After deploying your Flash app with flash deploy, you can call your endpoints directly via HTTP. The request format depends on whether you’re using queue-based or load-balanced configurations.
Authentication
All deployed endpoints require authentication with your Runpod API key:
export RUNPOD_API_KEY="your_key_here"
curl -X POST https://YOUR_ENDPOINT_URL/path \
-H "Authorization: Bearer $RUNPOD_API_KEY" \
-H "Content-Type: application/json" \
-d '{"param": "value"}'
Your endpoint URLs are displayed after running flash deploy. You can also view them with flash env get <environment-name>.
Queue-based endpoints
Queue-based endpoints (using @Endpoint(name=..., gpu=...) decorator) provide two routes for job submission: /run (asynchronous) and /runsync (synchronous).
Asynchronous calls (/run)
Submit a job and receive a job ID for later status checking:
curl -X POST https://api.runpod.ai/v2/abc123xyz/run \
-H "Authorization: Bearer $RUNPOD_API_KEY" \
-H "Content-Type: application/json" \
-d '{"input": {"prompt": "Hello world"}}'
Response:
{
"id": "job-abc-123",
"status": "IN_QUEUE"
}
Check status later:
curl https://api.runpod.ai/v2/abc123xyz/status/job-abc-123 \
-H "Authorization: Bearer $RUNPOD_API_KEY"
When job completes:
{
"id": "job-abc-123",
"status": "COMPLETED",
"output": {
"generated_text": "Hello world from GPU!"
}
}
Synchronous calls (/runsync)
Wait for job completion and receive results directly (with timeout):
curl -X POST https://api.runpod.ai/v2/abc123xyz/runsync \
-H "Authorization: Bearer $RUNPOD_API_KEY" \
-H "Content-Type: application/json" \
-d '{"input": {"prompt": "Hello world"}}'
Response (after job completes):
{
"id": "job-abc-123",
"status": "COMPLETED",
"output": {
"generated_text": "Hello world from GPU!"
}
}
Use /run for long-running jobs that you’ll check later. Use /runsync for quick jobs where you want immediate results (with timeout protection).

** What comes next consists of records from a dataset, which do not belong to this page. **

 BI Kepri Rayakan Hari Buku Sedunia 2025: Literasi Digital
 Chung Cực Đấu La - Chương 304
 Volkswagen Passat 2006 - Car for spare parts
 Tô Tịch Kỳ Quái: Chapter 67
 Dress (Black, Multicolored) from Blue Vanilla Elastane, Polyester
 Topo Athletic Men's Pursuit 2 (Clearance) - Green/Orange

Queue-based endpoints expect input wrapped in an {"input": {...}} object:
curl -X POST https://api.runpod.ai/v2/abc123xyz/runsync \
-H "Authorization: Bearer $RUNPOD_API_KEY" \
-H "Content-Type: application/json" \
-d '{
"input": {
"param1": "value1",
"param2": "value2"
}
}'
The structure inside "input" depends on your @Endpoint function signature.
Job status states
| Status | Description |
|---|
IN_QUEUE | Waiting for an available worker |
IN_PROGRESS | Worker is executing your function |
COMPLETED | Function finished successfully |
FAILED | Execution encountered an error |
Load-balanced endpoints
Load-balanced endpoints (using api = Endpoint(...); @api.post("/path") pattern) provide custom HTTP routes with direct request/response patterns.

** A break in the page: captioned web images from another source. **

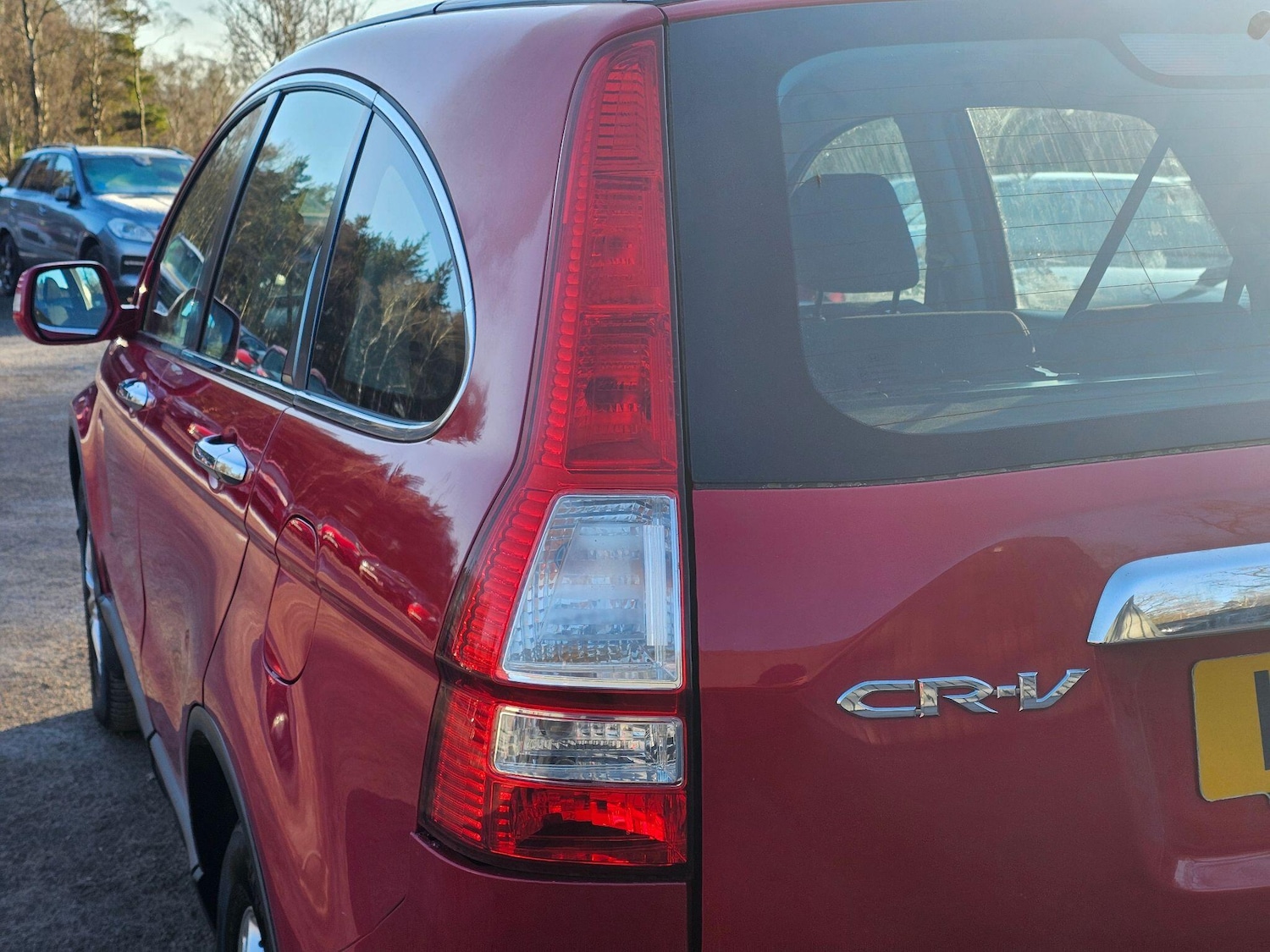 Used Honda CR-V for sale - 77646903: Photo 43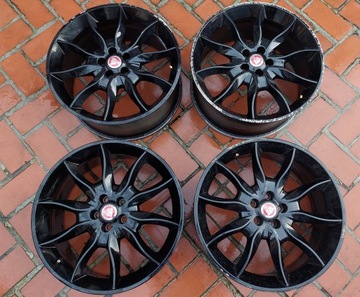 FELGI ALUMINIOWE ALUFELGI R 20 8,5J ET49 JAGUAR XF X250 XFR XJ
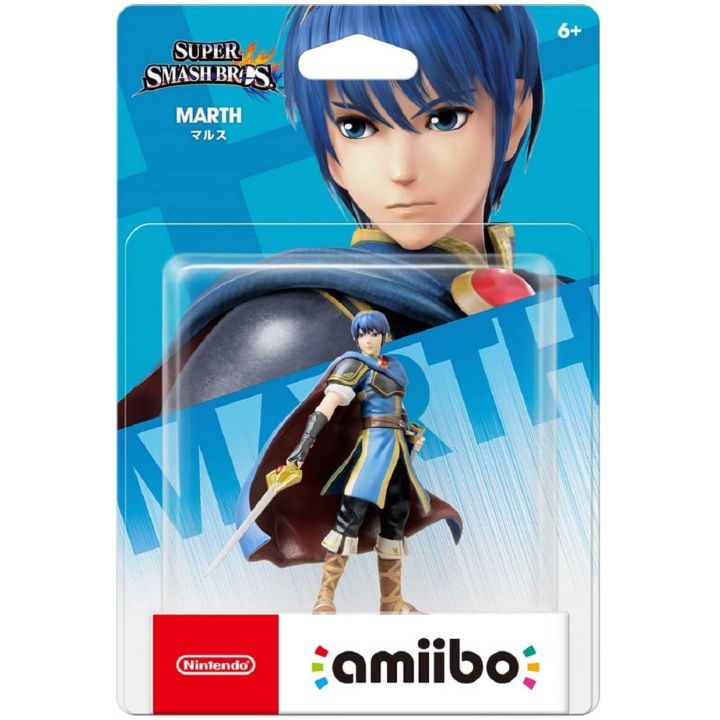 Amiibo NINTENDO - Marth (Super Smash Bros.)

Calling load-balanced routes
All routes share the same base URL. Append the route path to call specific functions:
# POST route
curl -X POST https://abc123xyz.api.runpod.ai/analyze \
-H "Authorization: Bearer $RUNPOD_API_KEY" \
-H "Content-Type: application/json" \
-d '{"text": "Hello world from Flash"}'
# GET route
curl -X GET https://abc123xyz.api.runpod.ai/info \
-H "Authorization: Bearer $RUNPOD_API_KEY"
# Another POST route (same endpoint URL)
curl -X POST https://abc123xyz.api.runpod.ai/validate \
-H "Authorization: Bearer $RUNPOD_API_KEY" \
-H "Content-Type: application/json" \
-d '{"name": "Alice", "email": "alice@example.com"}'
Load-balanced endpoints accept direct JSON payloads (no {"input": {...}} wrapper):
curl -X POST https://abc123xyz.api.runpod.ai/process \
-H "Authorization: Bearer $RUNPOD_API_KEY" \
-H "Content-Type: application/json" \
-d '{
"param1": "value1",
"param2": "value2"
}'
The payload structure depends on your function signature. Each route can accept different parameters.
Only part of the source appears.